CHAPTER XX
THE RISE OF SIR EDWARD CARSON
“The question I put to myself is this: In the years of failure, where have we gone wrong? What are the mistakes we have made? What has been the root cause of our failure? The Lord Chancellor was perfectly frank so far as the Unionists were concerned. He said, indeed, that he was still a Unionist, but he had come to the conclusion that the maintenance of the Union was impossible. What lesson have we who have been Home Rulers to draw from the past? I think the mistake we made in the beginning was that we did not sufficiently realise the absolute necessity of taking into consideration the feeling of Ulster.”
These notable words were spoken by Viscount Grey of Falloden in the debate in the House of Lords on the Partition Bill on 24th November 1920. A more remarkable vindication of All-for-Ireland principles and a more utter condemnation of the egregious folly of our opponents it is not possible to imagine, coming especially from so clear and calm-minded a statesman as the former Liberal Foreign Secretary. The root principles upon which Mr O’Brien and his friends proceeded from the start were that success was to be had by making an Irish settlement depend, in the first place, upon the co-operation of a million of our Protestant countrymen, and next by enlisting the co-operation of both British parties, instead of making the Irish Question the exclusive possession of one English Party. These two principles are now universally acknowledged to be the wise ones, yet when we were urging them in the Home Rule debates we could find no support from the Liberal-Irish cohorts, and although we sedulously devoted ourselves to urging a non-party programme and the conciliation of the Protestant minority—about which all parties are now agreed—we only received vilification and calumny for our portion.

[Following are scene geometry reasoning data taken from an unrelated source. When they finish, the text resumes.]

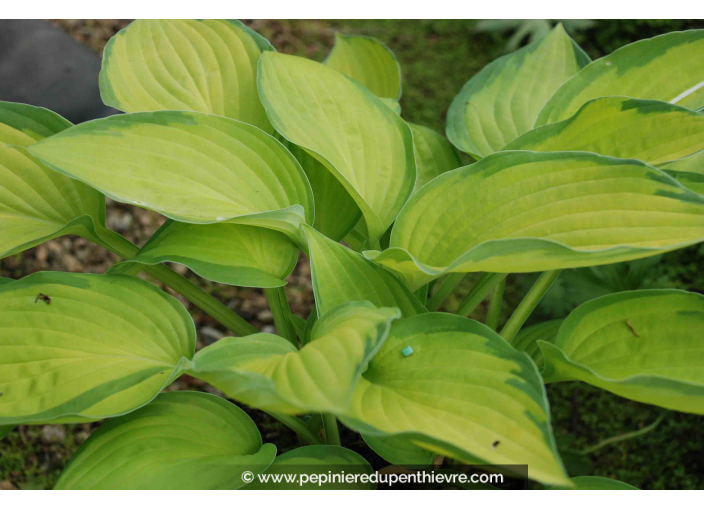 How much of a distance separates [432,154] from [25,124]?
803 millimetres

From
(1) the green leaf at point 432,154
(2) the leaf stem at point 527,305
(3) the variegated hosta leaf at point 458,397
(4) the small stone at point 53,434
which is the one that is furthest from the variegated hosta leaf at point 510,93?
(4) the small stone at point 53,434

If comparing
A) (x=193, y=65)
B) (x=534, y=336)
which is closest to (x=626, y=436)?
(x=534, y=336)

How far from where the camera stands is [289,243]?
1022 mm

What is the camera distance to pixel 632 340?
0.86 metres

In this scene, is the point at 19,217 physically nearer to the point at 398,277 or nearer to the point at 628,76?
the point at 398,277

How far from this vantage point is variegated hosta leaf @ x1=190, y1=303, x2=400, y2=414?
626 mm

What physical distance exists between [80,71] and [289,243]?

Great play is being made by distinguished converts within the past few years of Dominion Rule as if they were the discoverers of this blessed panacea for Ireland’s ills, but it is proper to recall that the All-for-Ireland Party specifically proposed Dominion Home Rule in a letter to Mr Asquith in 1911 as the wisest of all solutions. Scant attention was paid to our recommendation then and it is not even remembered for us by the protagonists of a later time. In all our efforts to conciliate Ulster and to allay the alarms it undoubtedly felt owing to the growth and aggressiveness of the Catholic Order of Orangeism, we never received encouragement or support from the Government or the Irish Party. On the contrary, they denounced as treason to Ireland the proposal made by us that for an experimental term of five years the Ulster Party, which would remain in the Imperial Parliament, should have the right of appeal as against any Irish Bill of which they did not approve, the decision to be given within one month. This, we held, would have been a more effectual safeguard than any proposed since to satisfy Irish Unionists that legislative oppression would have been impossible.